Asymmetric Copper Hydride-Catalyzed Markovnikov Hydrosilylation of Vinylarenes and Vinyl Heterocycles.

We report a highly enantioselective CuH-catalyzed Markovnikov hydrosilylation of vinylarenes and vinyl heterocycles. This method has a broad scope and enables both the synthesis of isolable silanes and the conversion of crude products to chiral alcohols. Density functional theory calculations support a mechanism proceeding by hydrocupration followed by σ-bond metathesis with a hydrosilane.

Chiral silanes undergo a number of useful transformations[1a,1b] and possess more desirable toxicological and environmental characteristics than many related main-group reagents.[2a,2b] However, they can be difficult to prepare due to the scarcity of broadly applicable methods for the construction of C(sp3)–Si bonds in functionalized molecules.[3a,3b] This limitation also discourages the pursuit of silane drug-candidates, despite the promise organosilicon compounds hold for a variety of therapeutic applications.[3a−3c] Because functionalized alkylsilanes are additionally important to many modern materials and industrial processes,[4a,4b] selective new C–Si bond-forming reactions have the potential to be enabling technologies for researchers across a wide range of disciplines.

Late transition metal-catalyzed olefin hydrosilylation (Figure a) is one of the core synthetic transformations of organosilicon chemistry.[4b,4c] The archetypal Pt-catalyzed variant[4b] is among the highest-volume industrial applications of homogeneous catalysis,[4b,5c,5i] and the need to replace Pt in this role with more abundant metals has spurred the discovery of many anti-Markovnikov hydrosilylation catalysts based on iron,[5a−5f] cobalt,[5g−5j] and nickel.[5k−5q] In contrast, Markovnikov olefin hydrosilylation catalysts are uncommon, and the synthetic capabilities of the reactions are presently limited.[5e,6] Hayashi’s discovery that Pd-MOP complexes catalyze highly enantioselective Markovnikov hydrosilylation with trichlorosilane[7a−7e] was a milestone achievement in asymmetric catalysis.[8] Although this reaction is of exceptional fundamental importance, its reported scope is limited; in particular, we are aware of no applications of this methodology to the hydrosilylation of heterocyclic or appreciably Lewis-basic olefins, presumably because they are incompatible with the sensitive trichlorosilyl group.

Figure 1

Metal-catalyzed hydrosilylation of olefins; Pd-catalyzed asymmetric Markovnikov hydrosilylation of vinylarenes; CuH-catalyzed asymmetric hydrosilylation of styrenes; Proposed mechanism for the hydrosilylation.
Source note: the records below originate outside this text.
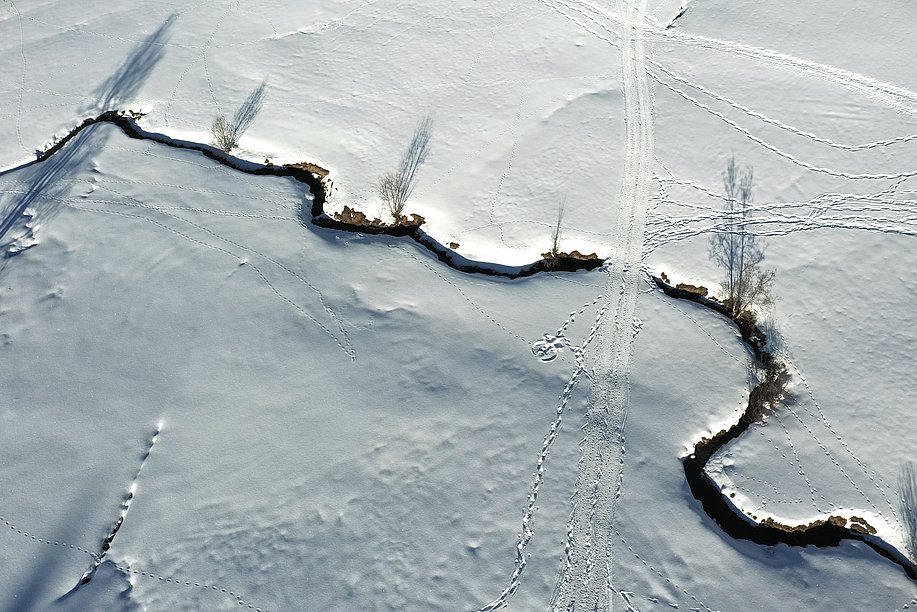 Tierspuren im Schnee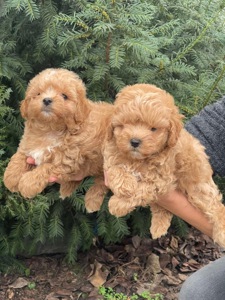 Хлопчики мальтіпу! Бебі фейс, міні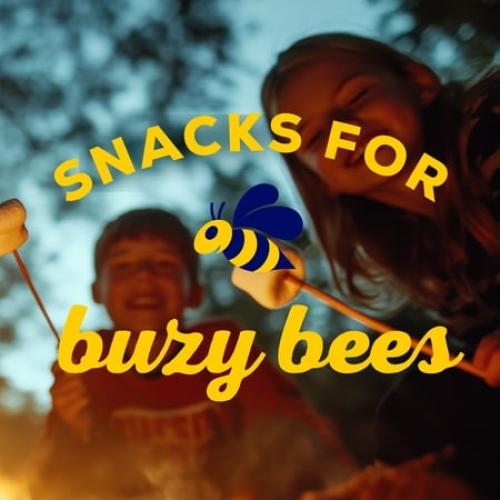 6pk HONEY MAID Graham Crackers, Lunch Snacks, Party Size, 12.8 oz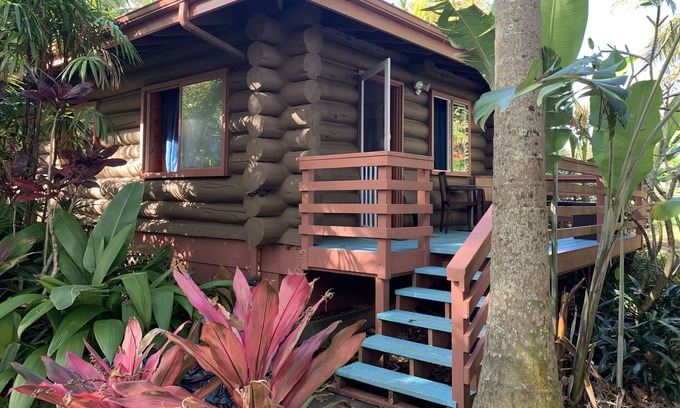 Kukuihaele Cabin | FROG POND: Cozy, family streamside/garden & cabin for 3-4 next to Waipio Valley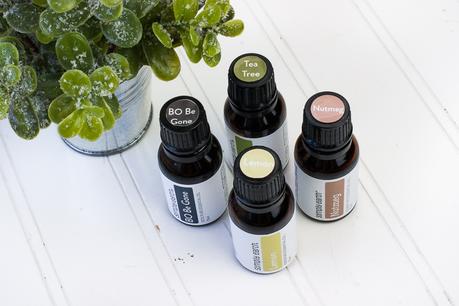 Simply Earth Essential Oils - My New Love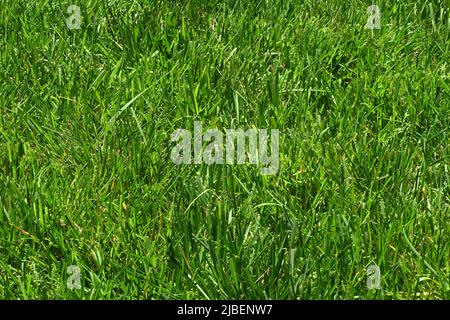 Freshly mowed grass the following day in Spring. Stock Photo
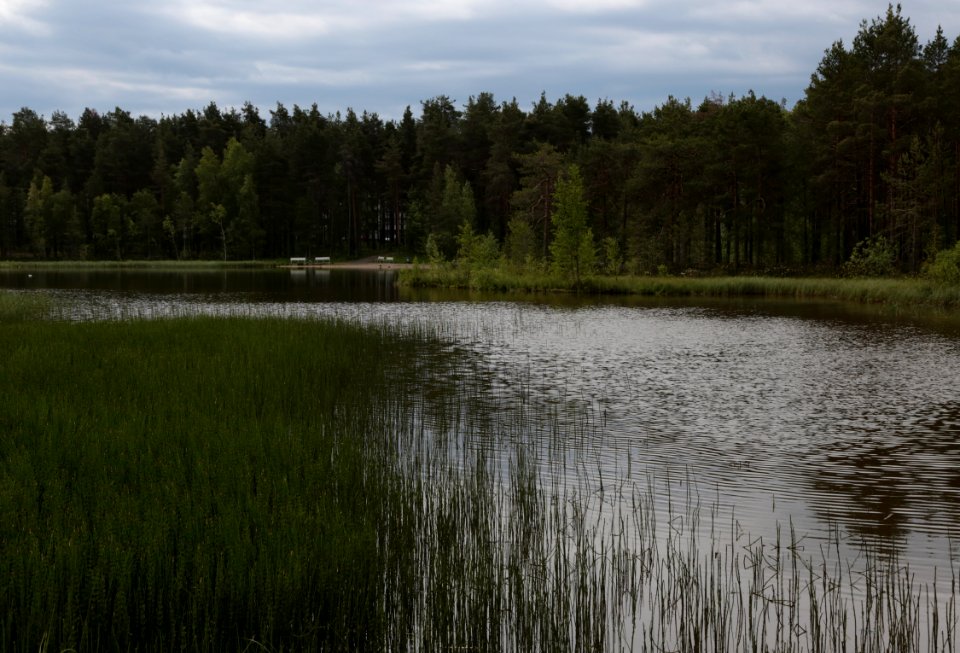 Lintulammenpuisto Oulu 20180618 03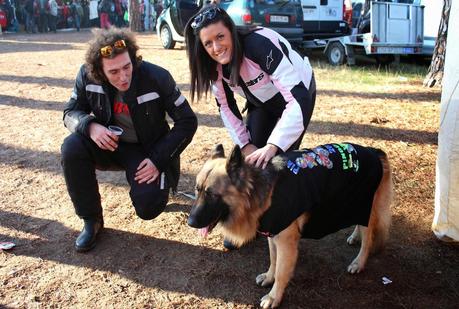 PINGÜINOS PINGÜINOS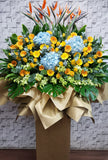 Hydrangeas, Roses, Gerberas, Orchids and Bird of Paradise grand opening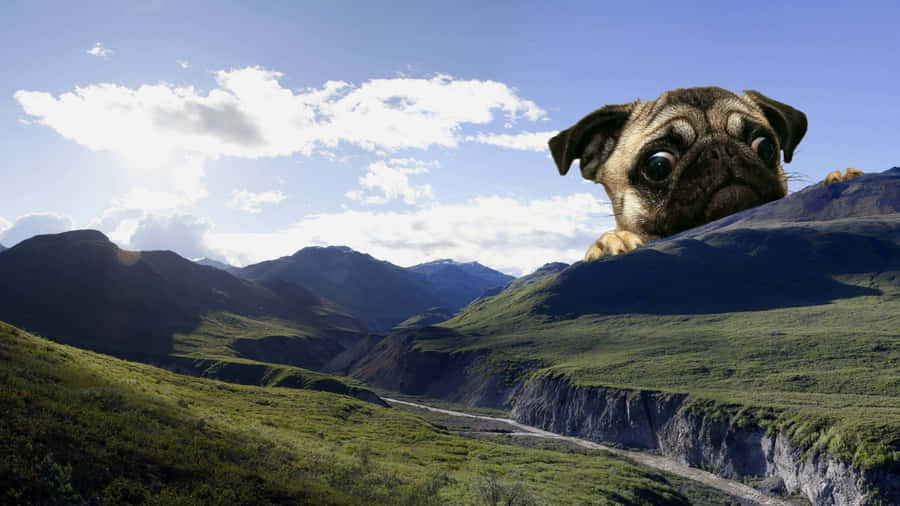 Pug Peeking Behind The Mountain Wallpaper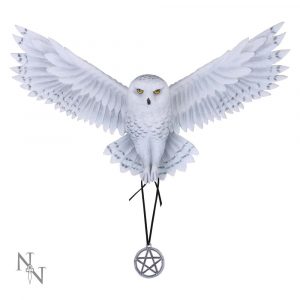 Awaken your Magic (AS) 45cm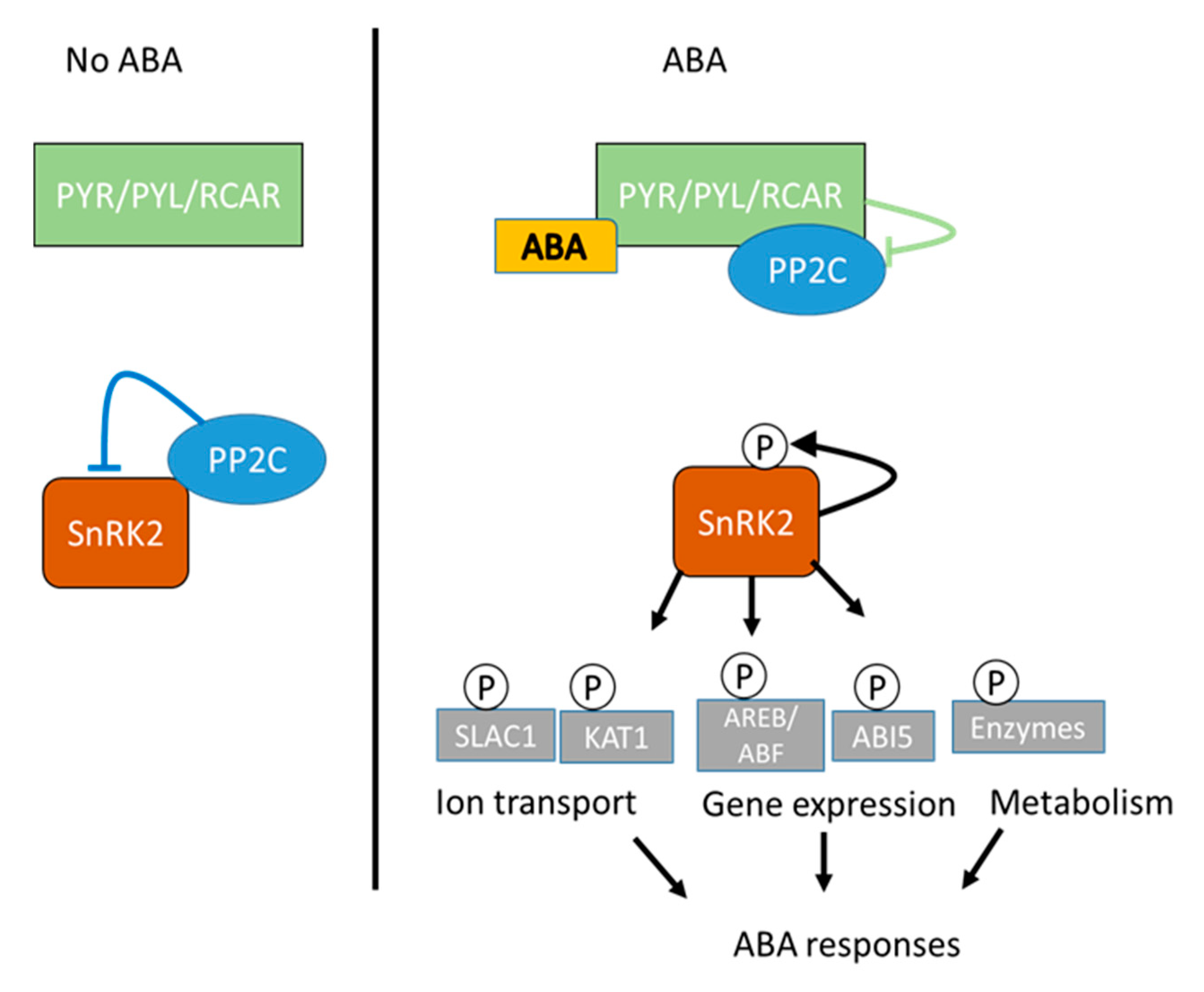 Agronomy Free Full Text Implications Of Abscisic Acid In The Drought Stress Tolerance Of Plants Html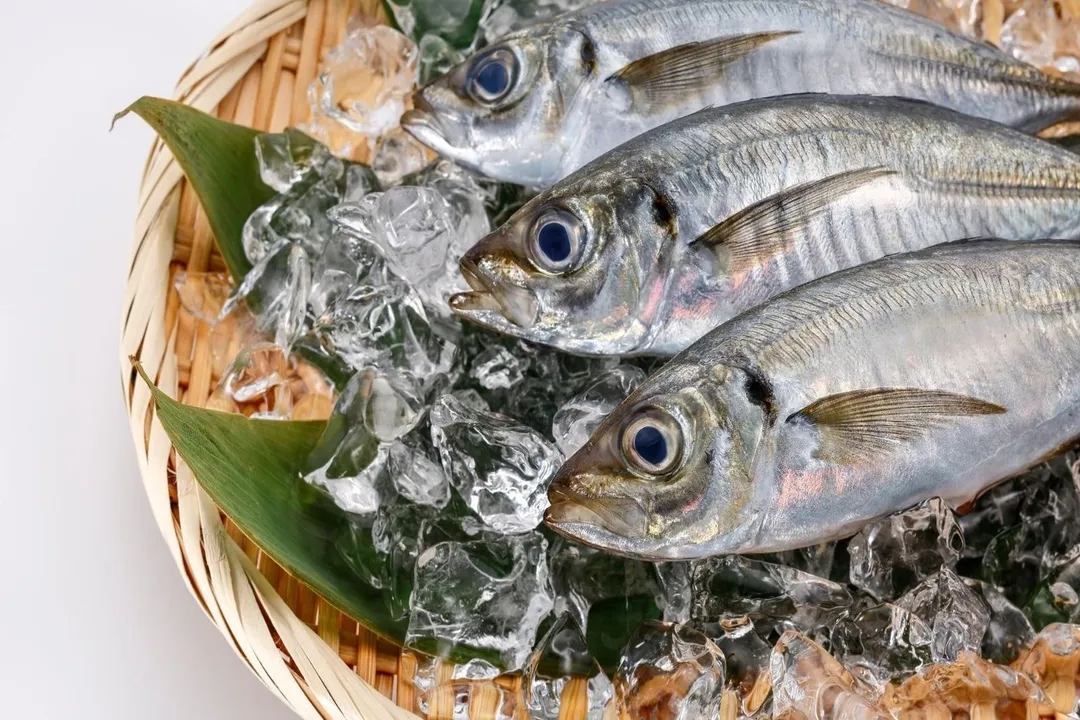 Which mackerel to avoid?, King Mackerel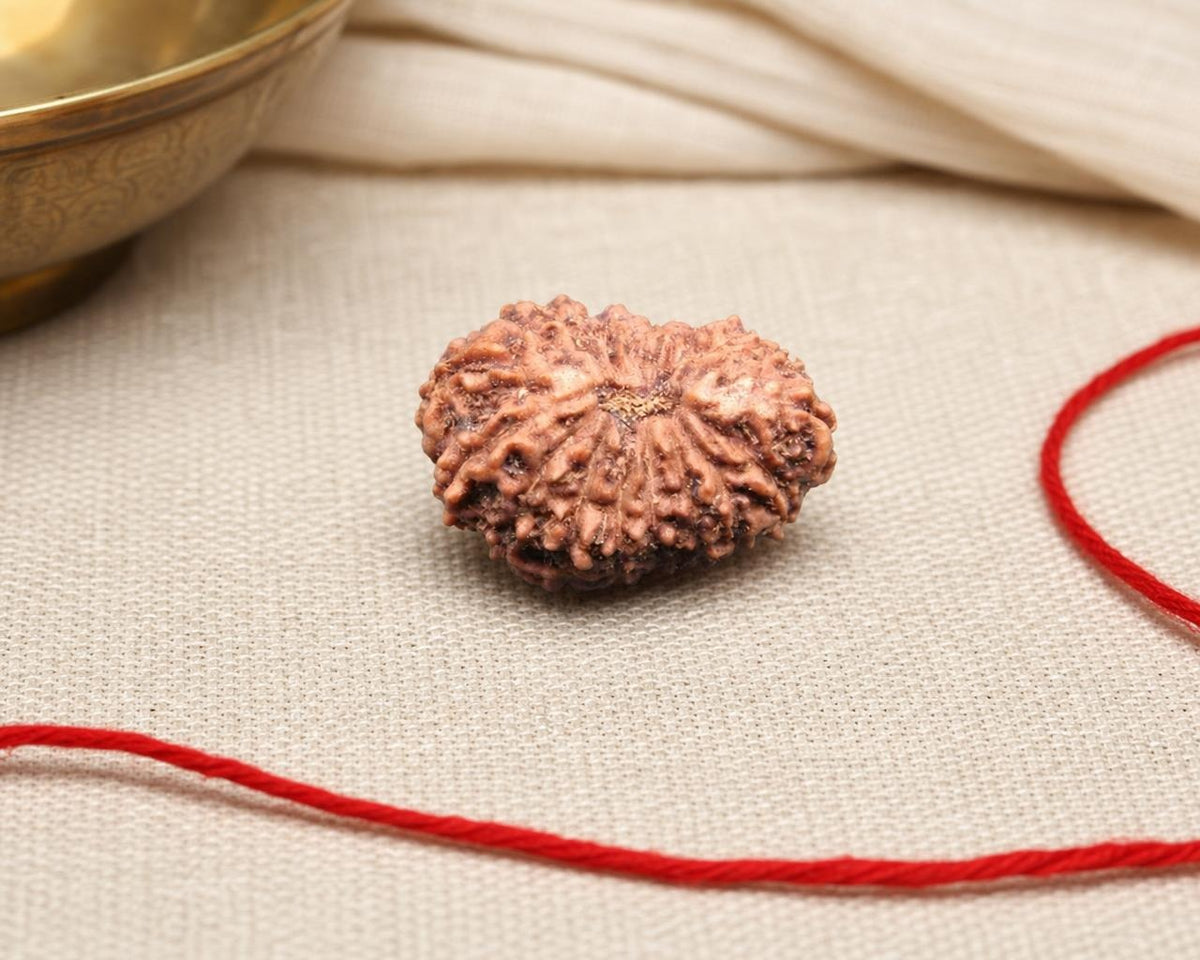 Natural Indonesian 18 mukhi rudraksha bead with 18-sided texture, shown on beige fabric with red thread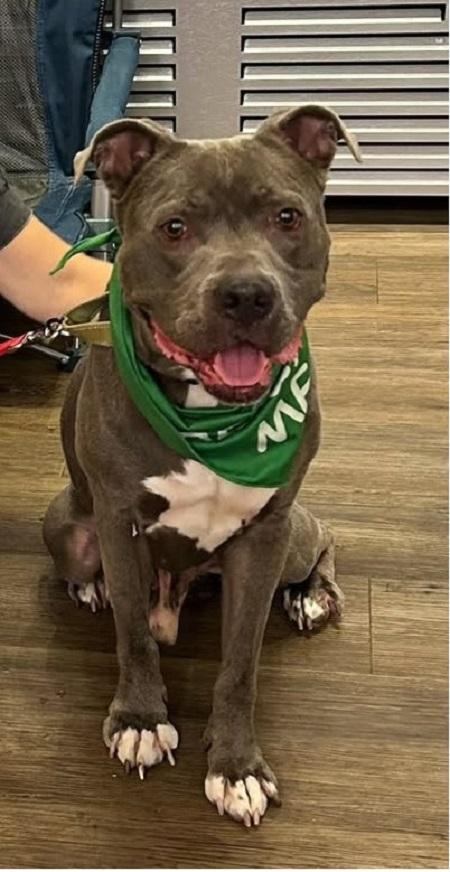MASH, adoptable, Adult Male Terrier.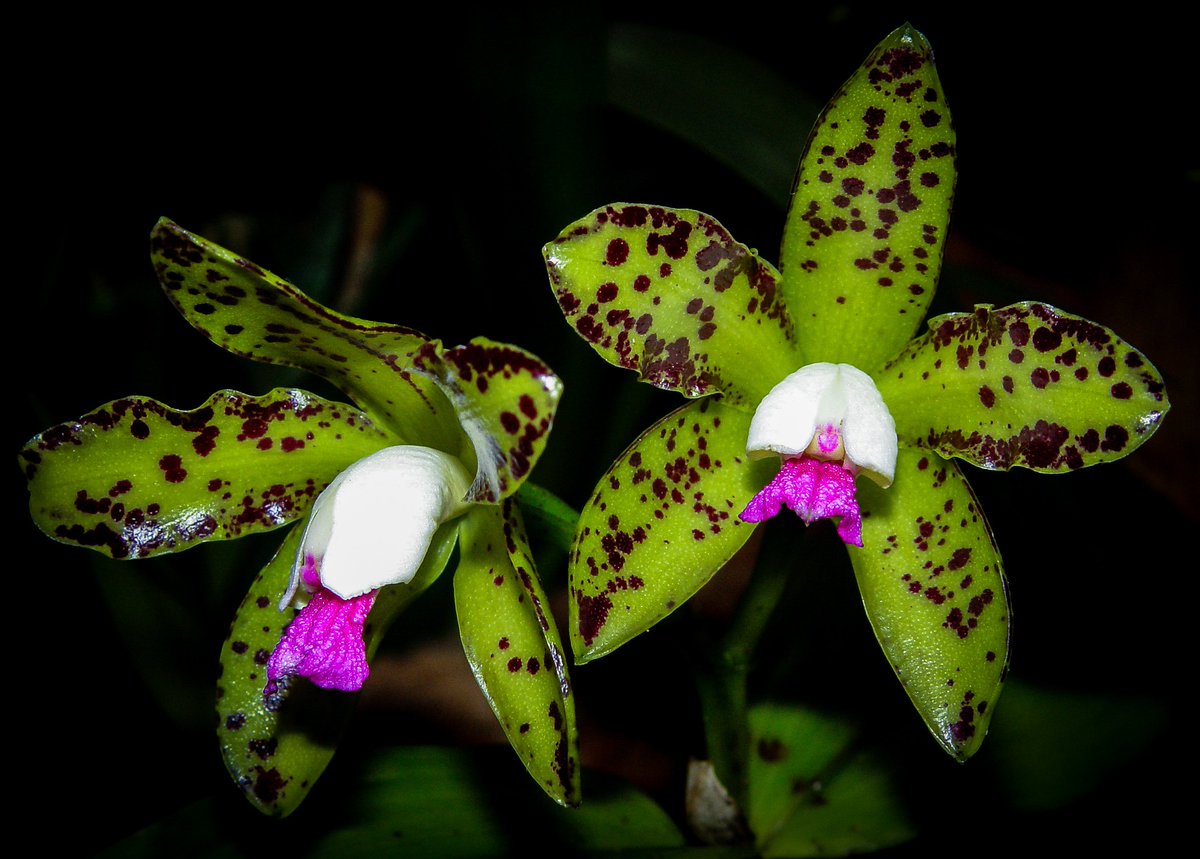 orchidcommittee's tweet photo. #Cattleya guttata, a bifoliate cattleya species with very fragrant long lasting flowers
Native to brazil where it grows as an #epiphyte or #lithophyte often near the coast at sea level
Grown by Jean Barker. Photos taken by Chris Barker, both members of @orchidcommittee @The_RHS https://t.co/ockzoAqCgq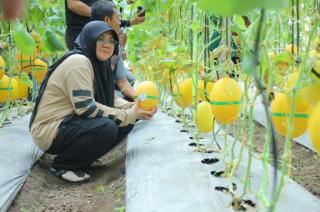 Manisnya Dana Desa di Siak, Sukses Panen Melon Premium, Kampung Buantan Besar Cetak PAD Mandiri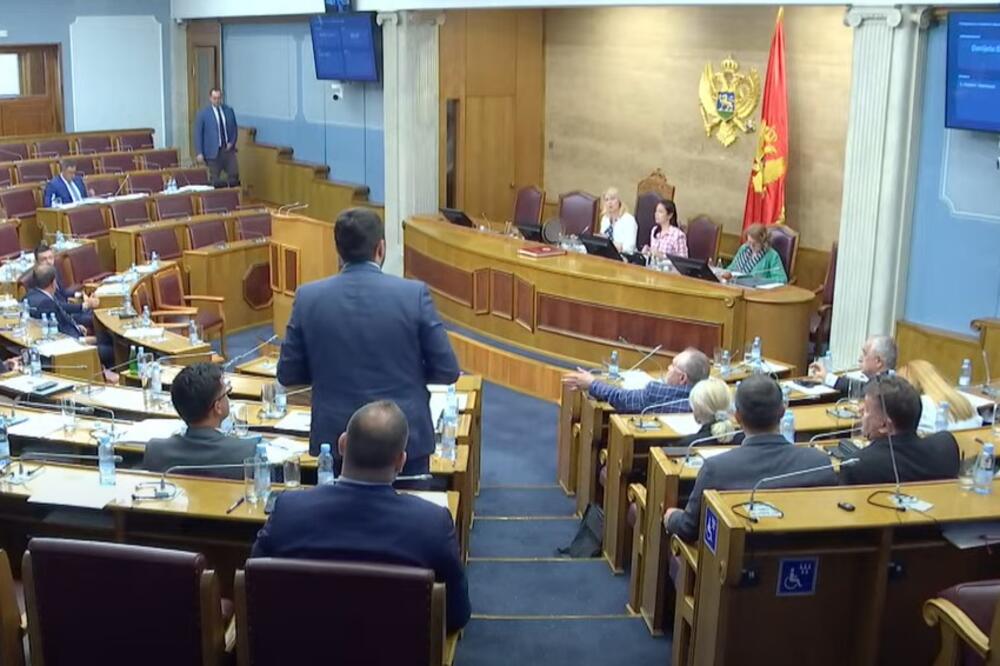 Detalj iz Skupštine, Foto: Skupština Crne Gore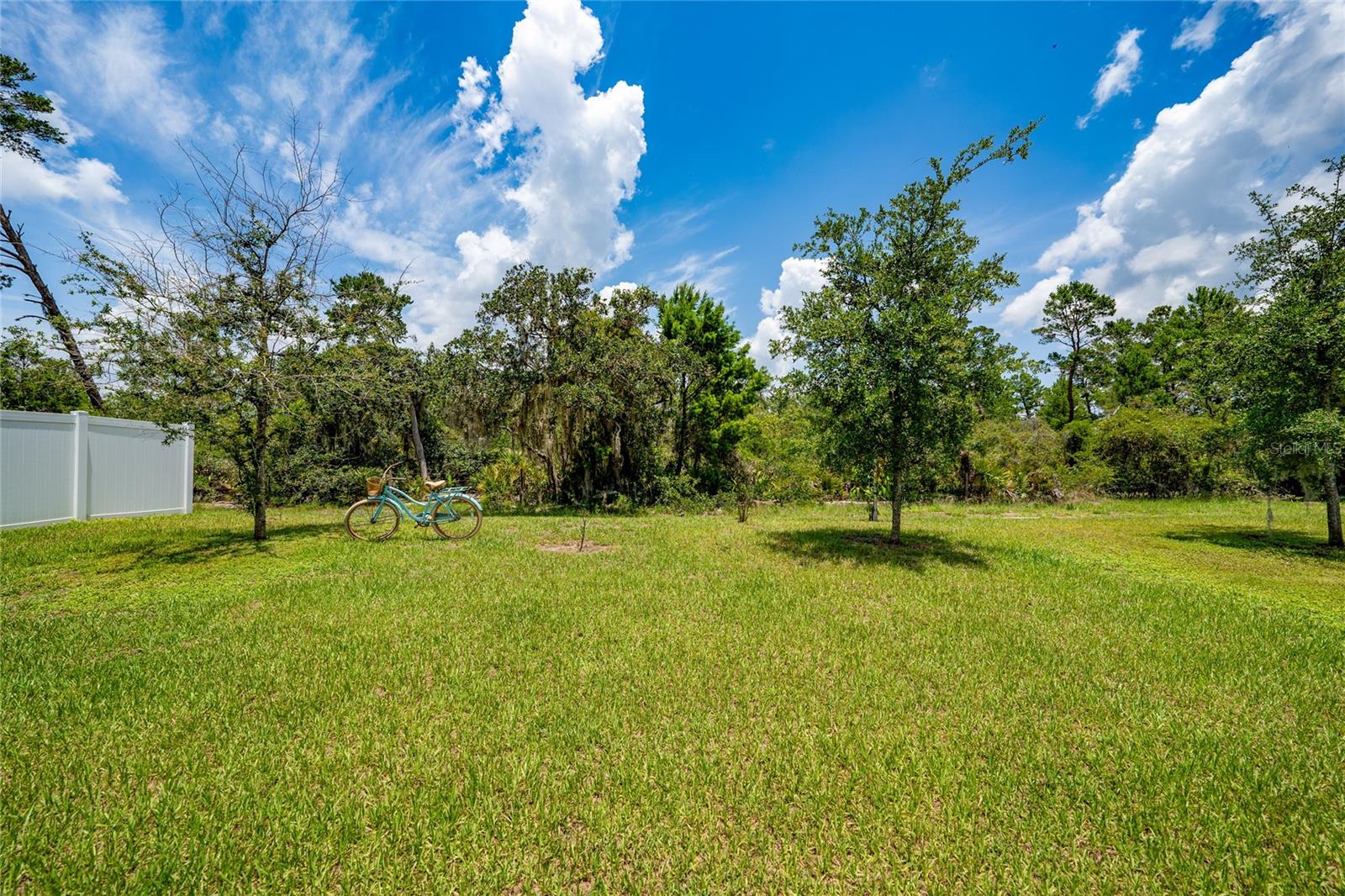 2726 HARMONIA HAMMOCK RD, HARMONY, FL, 34773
Our group has recently developed several functional group-tolerant Markovnikov hydrofunctionalization reactions that proceed through electrophilic interception of alkylcopper intermediates generated by asymmetric hydrocupration of vinylarenes[9a−9e] with an active chiral copper hydride catalyst [I, Figure e, step (i)]. We reasoned that an asymmetric Markovnikov hydrosilylation could be achieved if the alkylcopper species II (Figure e) could undergo stereoretentive transmetalation with a hydrosilane [Figure e, step (ii)].[10,11a,11b] The hypothesized transformation would constitute an attractive alternative to Pd catalysis if it could provide isolable silanes and silane-derivatives with high generality using readily available catalyst precursors. However, to our knowledge, copper hydride-catalyzed olefin hydrosilylation has not been described in the primary literature,[12] despite pervasive use of hydrosilane reductants in copper catalysis.[9a,13a−13c] This observation suggested that the proposed metathesis step could be challenging and that competitive side reactions might present challenges.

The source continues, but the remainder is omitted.